This influential essay opens a portal to terra ignota: unknown lands where the possibilities of human experience and knowledge can be discovered anew.

With a new introduction by Donna Haraway, the eminent cyberfeminist, author of the revolutionary A Cyborg Manifesto and most recently, Staying with the Trouble and Manifestly Haraway.

With images by Lee Bul, a leading South Korean feminist artist who had a retrospective at London's Hayward Gallery in 2018.

About the author (2019)

Ursula K. Le Guin was a celebrated and beloved author of science-fiction, non-fiction, poetry and children's books. Her ground-breaking works, including the Earthsea Trilogy and the Left Hand of Darkness, were enormously influential and drew on cultural anthropology, feminism and Taoism among other themes.

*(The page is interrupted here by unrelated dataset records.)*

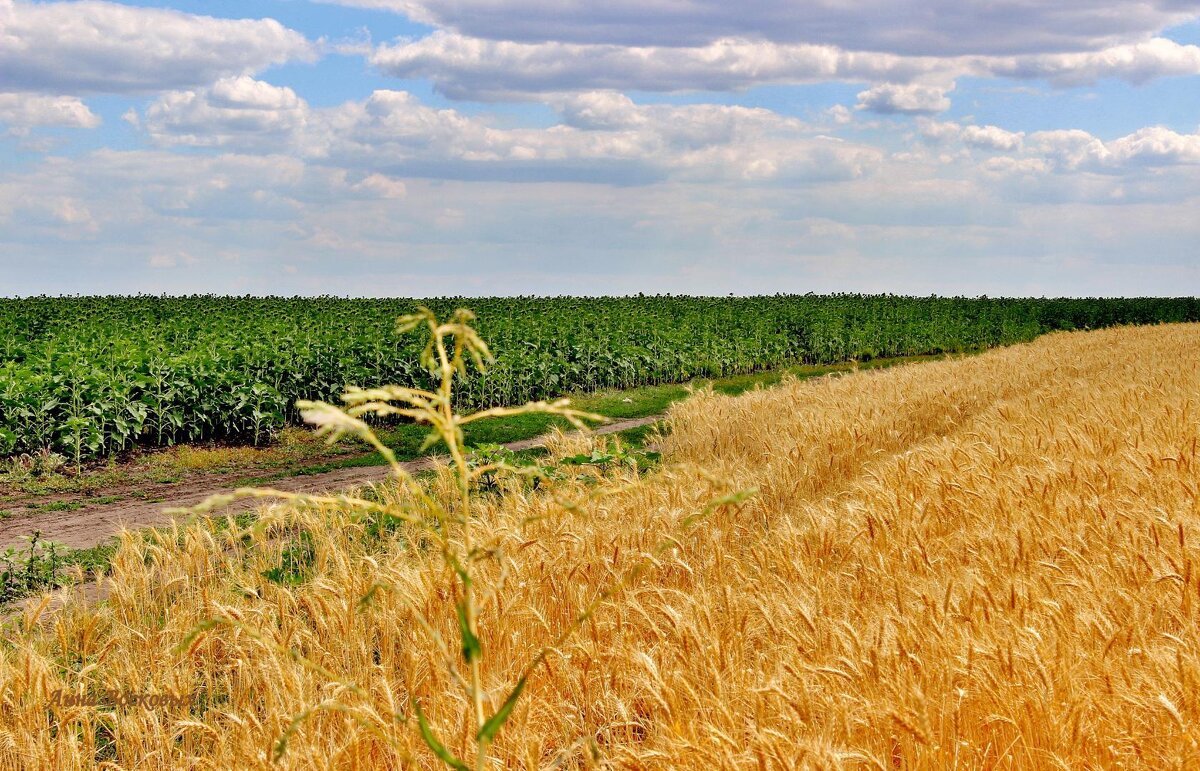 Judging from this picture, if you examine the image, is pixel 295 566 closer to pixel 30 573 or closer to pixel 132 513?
pixel 30 573

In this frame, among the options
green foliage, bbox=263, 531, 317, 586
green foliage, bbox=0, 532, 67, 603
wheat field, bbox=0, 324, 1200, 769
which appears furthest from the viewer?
green foliage, bbox=0, 532, 67, 603

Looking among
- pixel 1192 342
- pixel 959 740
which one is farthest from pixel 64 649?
pixel 1192 342

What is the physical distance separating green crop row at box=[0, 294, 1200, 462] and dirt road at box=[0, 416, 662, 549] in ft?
7.82

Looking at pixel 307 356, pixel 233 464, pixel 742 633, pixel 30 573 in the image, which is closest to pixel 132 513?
pixel 233 464

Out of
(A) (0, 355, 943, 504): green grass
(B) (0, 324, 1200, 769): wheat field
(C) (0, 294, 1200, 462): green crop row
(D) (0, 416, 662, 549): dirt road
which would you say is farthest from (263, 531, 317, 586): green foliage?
(C) (0, 294, 1200, 462): green crop row

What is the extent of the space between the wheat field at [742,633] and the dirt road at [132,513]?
11.8 ft

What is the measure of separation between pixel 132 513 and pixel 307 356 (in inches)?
284

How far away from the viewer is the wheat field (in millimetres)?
2984

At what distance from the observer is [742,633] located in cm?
399

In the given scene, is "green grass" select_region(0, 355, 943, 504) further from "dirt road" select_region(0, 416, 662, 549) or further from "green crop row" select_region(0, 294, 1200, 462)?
"green crop row" select_region(0, 294, 1200, 462)

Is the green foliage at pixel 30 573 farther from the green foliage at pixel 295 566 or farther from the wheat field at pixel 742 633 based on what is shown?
the green foliage at pixel 295 566

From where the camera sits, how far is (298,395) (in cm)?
1909

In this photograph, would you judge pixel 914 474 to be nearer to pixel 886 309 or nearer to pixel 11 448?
pixel 11 448

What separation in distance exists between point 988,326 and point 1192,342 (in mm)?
23710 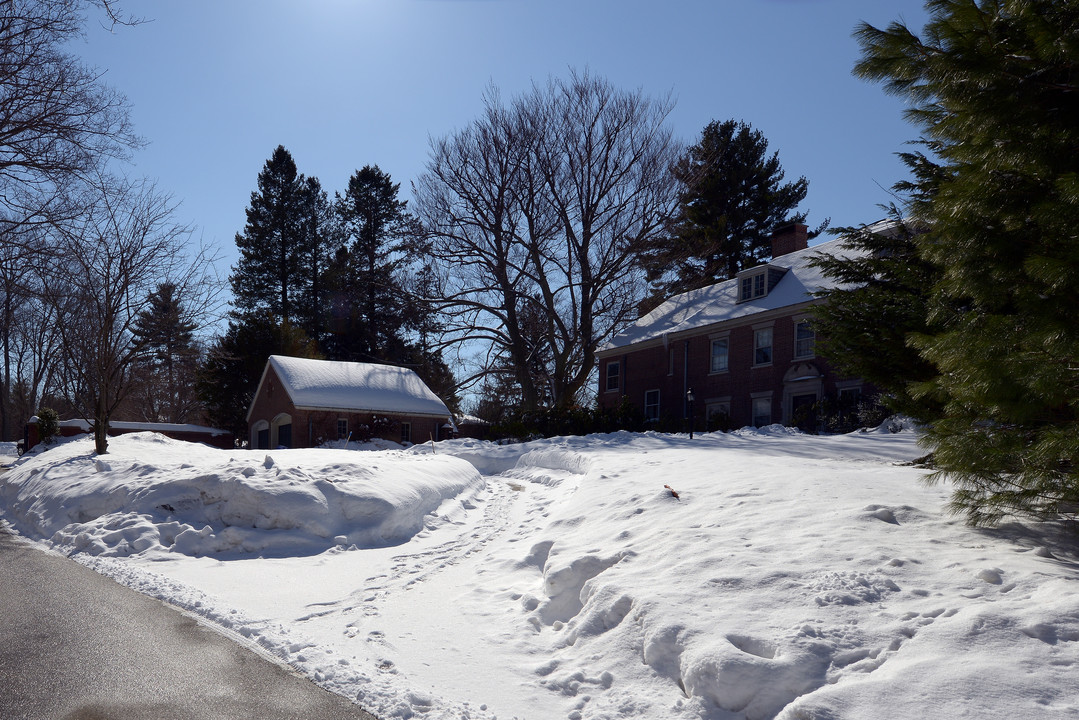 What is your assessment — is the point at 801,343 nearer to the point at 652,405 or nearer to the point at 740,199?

Donna J. Haraway is the author of the revolutionary 'Cyborg Manifesto' and Distinguished Professor Emerita in the History of Consciousness Department at the University of California, Santa Cruz, and the author of several books including most recently, Staying with the Trouble and Manifestly Haraway. Lee Bul is an artist working across a diverse range of media, examining myths and folklore and exploring universal themes such as utopian desire. Her many solo exhibitions have included the Palais de Tokyo, Paris, the National Museum of Modern and Contemporary Art, Seoul and The Museum of Modern Art, New York. In 2019, Lee Bul received the Ho-Am Prize for The Arts, which is awarded to people of Korean heritage who have contributed to the enrichment of culture and arts for humankind.